Трудно сейчас понять, какая агентура будет этот вариант политически поддерживать. Казалось бы, это должен сделать как будто возникающий в этой зоне «культур-пролетариат». Как ни странно, в левоцентристских кругах эта траектория не вызывает сейчас никакого интереса. Они застряли в попытках сохранения доступного образования как компонента welfare, разрушаемого теперь могучими силами самого разного рода в неблагоприятных для него макроэкономических обстоятельствах (государственный долг и вялый экономический рост). Идея гарантированного дохода обсуждается в кругах радикальных либералов, но тоже на периферии самого либерализма. Неолиберальный истеблишмент ее боится. За эту идею могли бы ухватиться остатки чисто коммунистического движения, но, кажется (я могу быть плохо осведомлен), это до сих пор им не пришло в голову.
Объясняется это просто. Трудности в осуществлении этого варианта неимоверны – что правда, то правда. Очень велик также риск, что получатели нормированного социального дохода вовсе не проявят особой склонности к труду и творчеству. Не исключено, что, как бы ни была красива эта идея, ей так никогда и не суждено состояться. В этом случае встает вопрос: какая форма скрытой безработицы возобладает если не навсегда, то надолго?
Если же доверять логике марксистской историософии, то движение в эту сторону будет продолжаться так или иначе. Как бы ни было нам трудно разработать конкретную стратегию движения в этом направлении, жизнь найдет пути к этому. Тогда вопрос в том, через какой именно вариант скрытой безработицы общество имеет больше шансов выйти к новой перспективе – в зону субсидированной свободы.
Иногда кажется, что столбовая дорога социогенеза в этом (марксистском) смысле лежит через скрытую безработицу, поддерживаемую на основе системы образования. Но тут надо быть осторожным. Переносимое в нее имущественное неравенство в комбинации с запутанной стратификацией делает ее структурно очень инертной.
Помимо этого, она может обанкротиться, открыв дорогу дворцовой модели или ГУЛАГу, если не будет соблюдена оптимальная пропорция между накоплением и потреблением в обществе. Эта пропорция обязательна независимо от того, каков модус сочленения производства и потребления. Ее только труднее нащупать в обществе, где производство и потребление срослись, как сиамские близнецы, в единый «трудосуг».
Но и в том и в другом случае выбор между разными версиями зоны скрытой безработицы на самом деле и есть сейчас главный выбор «состоятельного» общества.
С этим выбором связаны и предстоящие перестройки сферы образования, будь то самокорректировки или реформы, навязанные извне: организационная реконструкция, обновление технологии учебного процесса, перемены в содержании учебных курсов, в длительности обучения и так далее.
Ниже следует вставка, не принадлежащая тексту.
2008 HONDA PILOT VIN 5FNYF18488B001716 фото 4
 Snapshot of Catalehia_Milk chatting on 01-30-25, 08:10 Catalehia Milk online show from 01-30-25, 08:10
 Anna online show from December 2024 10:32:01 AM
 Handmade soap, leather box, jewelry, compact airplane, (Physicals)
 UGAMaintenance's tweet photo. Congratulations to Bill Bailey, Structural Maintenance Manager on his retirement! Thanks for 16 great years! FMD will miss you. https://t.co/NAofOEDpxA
Все эти параметры сферы образования должны быть адекватны форме скрытой безработицы, которая будет обществу суждена или им выбрана.
Насколько велика сейчас у «состоятельного» общества свобода выбора между «союзом рыжих», манориальным двором и ГУЛАГом, сказать трудно. Но какая-то свобода выбора есть, потому что она есть везде и всегда.
Это очень ответственный выбор. Потому что, выбирая форму скрытой безработицы, агентура выбора выбирает уклад, общественный строй. На сегодня. На завтра. Надолго. Может быть, на очень долго.